Likely comes from having a way to differentiate a regular EMS person from someone who works with some sort of a tactical response team in Law Enforcement.


----------



## EMT11KDL (Nov 27, 2010)

I have never seen it as emt-t, also tems...


----------



## JJR512 (Nov 27, 2010)

MackTheKnife said:


> What is the origin of EMT-T?  I have seen this title used a lot recently.  Is it accepted by NREMT as a legitimate qualification? Thanks in advance for the info.
> 
> MTK sends



According to the NREMT website (http://www.nremt.org/) they recognize First Responder, EMT-Basic, Intermediate/85, Intermediate/99, and Paramedic.


----------



## Akulahawk (Nov 27, 2010)

The EMT-T designation would likely be a locally recognized deal. Certainly not a nationally recognized level of EMT. If one were to specifically develop a separate training program for Tactical EMS, which would encompass the basic stuff that a medical provider would need to work as part of a special response/high risk team, TEMT-whatever would be how I'd do the designations for EMT's. For Paramedics (not designated EMT-P) I'd do "Paramedic - T" instead. For California, that would include putting the provider through PC 832 and then through a POST approved TEMS course. They wouldn't have to be sworn LE, but they'd have to be able to function with some law enforcement powers, not necessarily INDEPENDENT authority. 

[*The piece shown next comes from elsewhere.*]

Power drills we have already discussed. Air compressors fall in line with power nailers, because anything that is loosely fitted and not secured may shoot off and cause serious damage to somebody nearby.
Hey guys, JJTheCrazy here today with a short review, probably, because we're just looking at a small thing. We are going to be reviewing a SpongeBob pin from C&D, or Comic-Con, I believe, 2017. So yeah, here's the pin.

Yes, I've thought this one through...


----------



## Afflixion (Nov 28, 2010)

EMT-T is a title given to one after completing a TEMS course, it is not recognized by the National Registry as it is not provided through the National Registry. It is not a locally accepted term it is nationally accepted.


----------



## Akulahawk (Nov 28, 2010)

Afflixion said:


> EMT-T is a title given to one after completing a TEMS course, it is not recognized by the National Registry as it is not provided through the National Registry. It is not a locally accepted term it is nationally accepted.


Good to know that it's a title earned after completing a specific course and not just any "tactical" medicine course.


----------



## Afflixion (Nov 28, 2010)

Since it has no "real" licensing board I'm sad to say just about any "tactical medic" class could... Although some states I.E. Texas do only recognize it after so many hours didactic and etc have been completed.


----------



## MackTheKnife (Nov 28, 2010)

*Thanks*



Afflixion said:


> EMT-T is a title given to one after completing a TEMS course, it is not recognized by the National Registry as it is not provided through the National Registry. It is not a locally accepted term it is nationally accepted.

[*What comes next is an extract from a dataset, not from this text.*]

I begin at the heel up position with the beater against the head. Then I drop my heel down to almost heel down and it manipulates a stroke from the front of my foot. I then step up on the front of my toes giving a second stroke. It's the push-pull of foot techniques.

  I  saw the title on several staff members bios on an EMS training site.  Quite a few ex-SF and current/former PM's using EMT-T after their other titles.
  I'm a government  contractor who teaches Combat First Aid (condensed TCCC) as part of a larger antiterrorism course and had not heard of the EMT-T title.

Thanks for the assist,
MTK

"All of man's work is a bloody business.  That fact, today, is considered foolish, affairs are finished cleverly with words alone, and jobs that require effort are avoided.  I would like young men to have some understanding of this."
Yamamoto Tsunetomo 
Hagakure, The Book of The Samurai


----------



## Pseudonymous (Nov 28, 2010)

A quick google search provided EMTT.org

Looks like that site might provide some information you're looking for.


----------



## cfrench (Dec 2, 2010)

FWIW, It is the certification given upon completion of CONTOMS. They issue a card which is good for 2-3 years. Recert requires documented tactical and medical continuing ed and active participation as a TEMS/TMP provider . Not recognized by any licensing organization.


----------



## MackTheKnife (Dec 5, 2010)

Yeah, that's where I saw the staff members with the EMT-T designations but no real info on the designation.


----------



## Super Delegate (Jan 13, 2011)

Wow, I'm super interested.

 I can't determine from the website if most applicants would be EMTs trying to expand their training in order have a shot at supporting a SWAT/SRT team or if its an EMT-type class for current SWAT members.

Anyone have any experience?


----------



## cfrench (Jan 14, 2011)

Super Delegate said:


> Wow, I'm super interested.
> 
> I can't determine from the website if most applicants would be EMTs trying to expand their training in order have a shot at supporting a SWAT/SRT team or if its an EMT-type class for current SWAT members.
> 
> Anyone have any experience?



This from the CONTOMS website;

   1. Certification at the EMT-B level or higher; a scanned copy must be emailed to Ashley Bordas (a.bordas@trueresearch.org) when submitting the online registration.
   2. A letter of affiliation on letterhead from a senior official representing the student's sponsoring agency; a scanned copy must be emailed to Ashley Bordas (a.bordas@trueresearch.org) when submitting the online registration. Candidates must be sponsored by a bona fide law enforcement agency, military unit or other specialized team.
   3. Completion and submission of the online Registration form.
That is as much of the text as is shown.